Africa-Press – Gabon. Kidnapping d’un homme d’affaires chinois, rançon, fusillade entre services de sécurité et nom d’un frère du président de la post-transition. Ce qui n’était qu’une rumeur des réseaux sociaux était en réalité une onde de choc politique. Les accusations d’enlèvement d’un homme d’affaires chinois, d’abord relayées par des influenceurs réputés pour leurs outrances, trouvent aujourd’hui un écho troublant dans la bouche même du chargé d’affaires de la Chine au Gabon. Derrière ses mots pesés de diplomate, se profile un scandale d’État.
On avait cru à une farce, un canular de réseaux sociaux gonflé par la verve de figures controversées comme Jonas Moulenda, Thibaut Adzatys et la “Princesse de Souba”. Mais la rumeur qu’ils portaient s’est trouvée soudain rattrapée par la diplomatie. À l’issue d’une audience qu’il a eue avec le ministre gabonais des Affaires étrangères, le chargé d’affaires de l’ambassade de Chine au Gabon a pris la parole à la télévision nationale, en fin de semaine écoulée. Dans un ton mesuré, il a lâché cette phrase lourde de sens: «On a aussi parlé d’un incident qui a eu lieu récemment concernant des ressortissants chinois. Je voudrais remercier la partie gabonaise pour ses efforts en vue de protéger la sécurité de nos ressortissants. On espère que ce genre d’incident ne va pas ternir l’image de l’amitié traditionnelle entre la Chine et le Gabon, ni saboter la bonne collaboration entre nos deux pays.»
Une déclaration diplomatique en apparence anodine, mais qui confirme de façon implicite la véracité des allégations jusque-là rejetées comme de simples élucubrations d’activistes.
Une rumeur devenue réalité
Selon plusieurs sources recoupées, un homme d’affaires chinois du nom de Wang a effectivement été enlevé le 29 septembre 2025 à Libreville. L’opération aurait été orchestrée par un colonel surnommé ‘Power’ et présenté comme un membre de la parentèle du président Oligui Nguema.
Rançon exigée, selon les influenceurs-activistes: 1,5 milliard de francs CFA. La victime aurait été séquestrée au sein même de la Direction générale des Services spéciaux (DGSS), unité relevant de la Garde républicaine. À la manœuvre: un lieutenant-colonel présenté comme chef du Groupement de sécurité rapprochée du chef de l’État, assisté de trois sous-officiers: un adjudant-chef, un sergent-chef major et un sergent-chef.
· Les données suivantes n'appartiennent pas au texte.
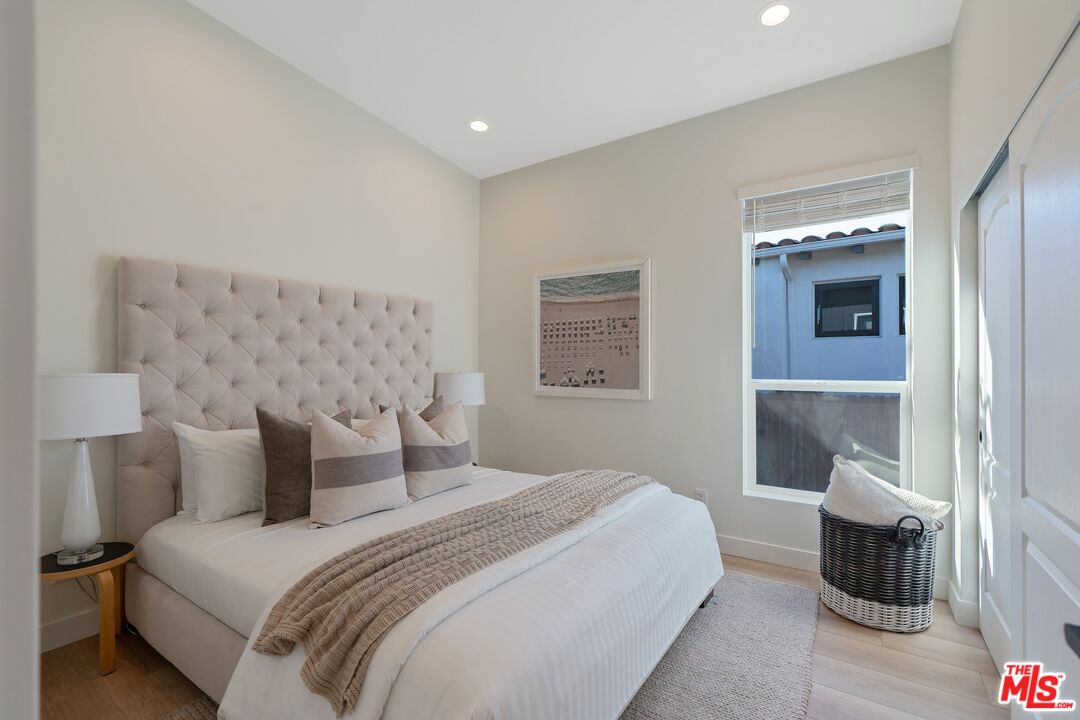 29500 Heathercliff Road, Unit 64 Malibu, CA 90265 - Photo 19 of 42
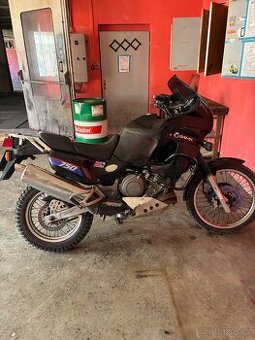Yamaha xtz 750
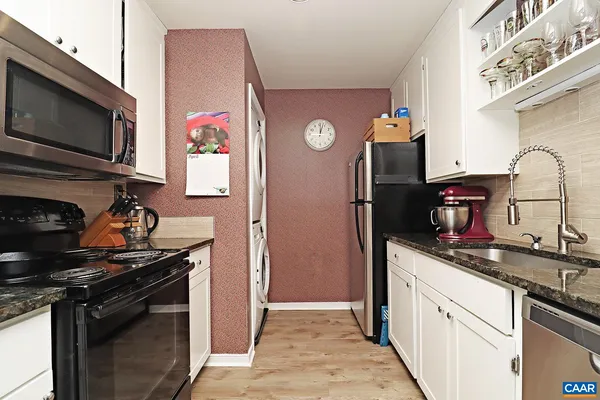 $295,000 | 1242 Clifden Green, Charlottesville, VA 22901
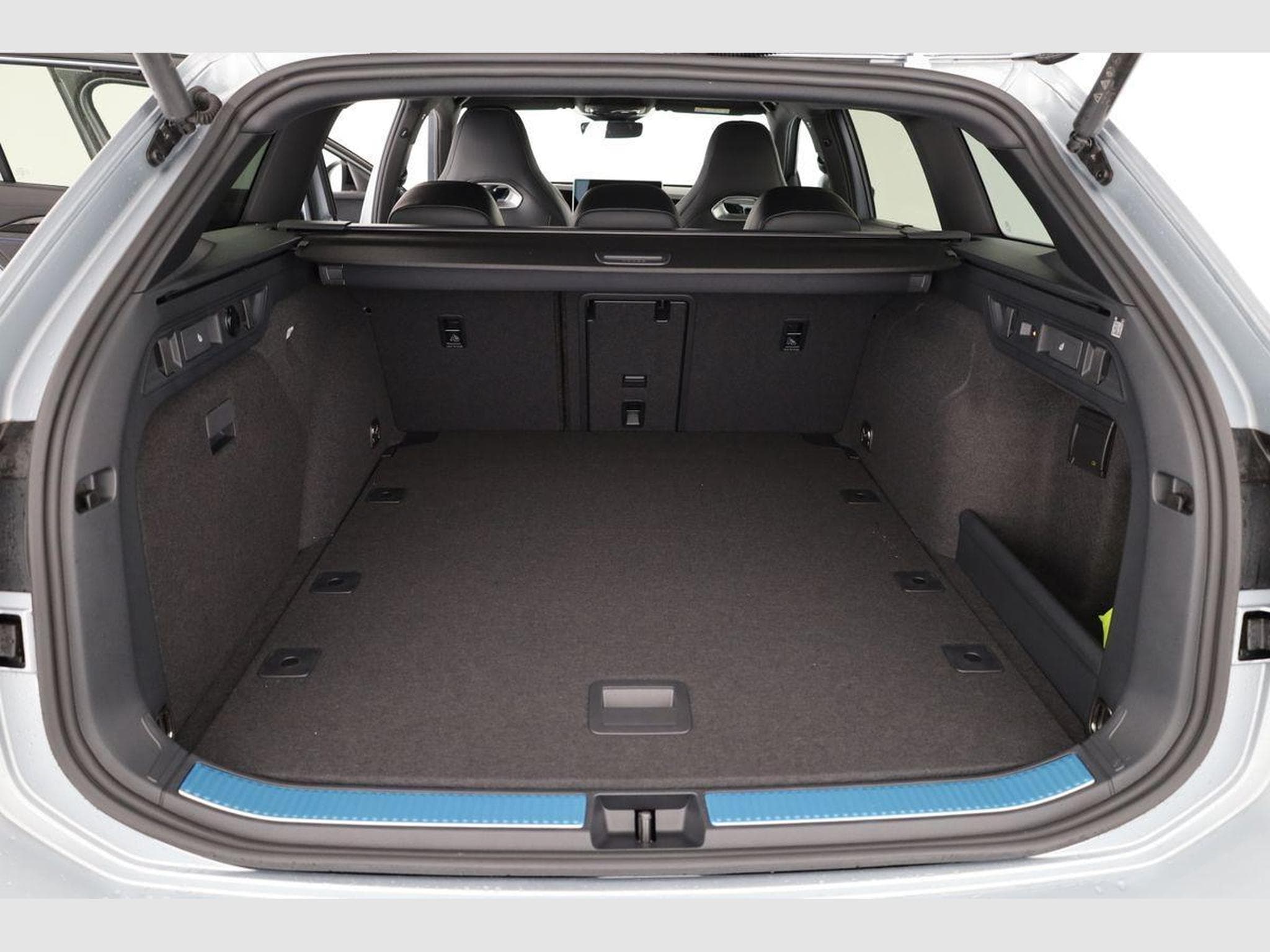 VW Passat Variant 2.0 TDI 142 kW 4Motion R-Line (2026) - Foto 11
Tirs croisés et désordre dans la maison militaire
Alors que les kidnappeurs s’apprêtaient à récupérer la rançon, la Direction générale des Recherches (DGR) serait intervenue, déclenchant un échange de tirs entre forces supposées alliées. Une scène surréaliste où des unités de la République s’affrontent pour une rançon d’un milliard et demi. Le journaliste-activiste Jonas Moulenda en a montré des photos de fauteuils maculés de sang.
Cet épisode violent, inédit depuis le coup d’État d’août 2023, révèle un dérèglement profond de l’appareil sécuritaire, où des loyautés parallèles semblent désormais dicter l’action des hommes en armes.
Déjà éclaboussé par des accusations de malversations en 2024, l’officier supérieur en question n’a jamais véritablement quitté les cercles d’influence du pouvoir. Officiellement écarté, il aurait néanmoins conservé un réseau solide au sein des forces de sécurité, où loyautés personnelles et intérêts parallèles se confondent. Son ombre plane encore sur plusieurs dossiers sensibles, mêlant abus d’autorité, enrichissement illicite et règlements de comptes internes.
Aujourd’hui, son implication présumée dans le rapt d’un ressortissant étranger confère à l’affaire une dimension inédite: ce n’est plus seulement la dérive d’un homme, mais la mise à nu des fragilités d’un système. Si les faits se confirment, l’«affaire Wang» marquerait une brèche majeure dans la chaîne de commandement et un revers politique sérieux pour le régime post-transition, déjà scruté pour sa promesse de restauration morale et institutionnelle.